▶ Your assignment
Restate, exactly as written, the entries below from the line that holds "Remera de manga" through the line that holds "Modern Hot Springs Lakefront Condo". Pictures are not part of the copy.

▶ Dataset entries

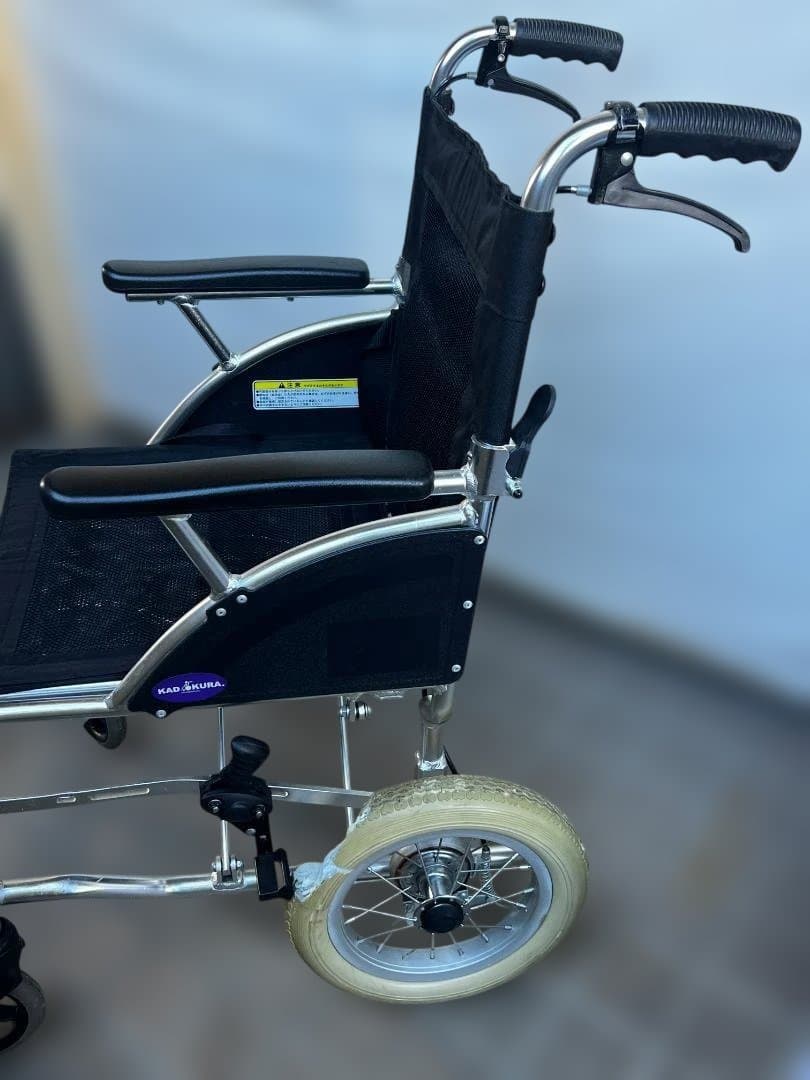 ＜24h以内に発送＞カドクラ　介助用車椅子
--
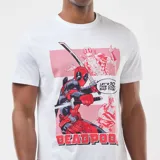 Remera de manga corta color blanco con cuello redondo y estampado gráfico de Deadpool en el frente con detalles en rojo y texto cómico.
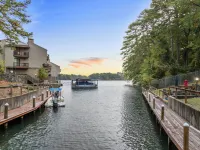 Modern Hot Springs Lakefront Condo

▶ Reply
 Remera de manga corta color blanco con cuello redondo y estampado gráfico de Deadpool en el frente con detalles en rojo y texto cómico.
 Modern Hot Springs Lakefront Condo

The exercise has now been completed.